• **EXERCISE DESCRIPTION**
Scan the records below for the line containing "Tyre safety rubber coating mechanism" and the line containing "蘋果衝折疊機 預計年底前完成試產、明年亮相 台積、鴻海等搶搭商機". Copy both, plus every line between, exactly.

DATA SHOWN: Begin

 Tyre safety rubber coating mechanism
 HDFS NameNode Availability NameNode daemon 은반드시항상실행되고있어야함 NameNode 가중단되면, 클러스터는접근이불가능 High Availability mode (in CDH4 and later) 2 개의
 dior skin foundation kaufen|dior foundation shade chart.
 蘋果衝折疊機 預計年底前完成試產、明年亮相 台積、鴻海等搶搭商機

DATA SHOWN: End
DATA SHOWN: Begin

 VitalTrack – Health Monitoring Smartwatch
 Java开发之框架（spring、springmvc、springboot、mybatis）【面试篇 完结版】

DATA SHOWN: End

• **FINISHED TASK**
 Tyre safety rubber coating mechanism
 HDFS NameNode Availability NameNode daemon 은반드시항상실행되고있어야함 NameNode 가중단되면, 클러스터는접근이불가능 High Availability mode (in CDH4 and later) 2 개의
 dior skin foundation kaufen|dior foundation shade chart.
 蘋果衝折疊機 預計年底前完成試產、明年亮相 台積、鴻海等搶搭商機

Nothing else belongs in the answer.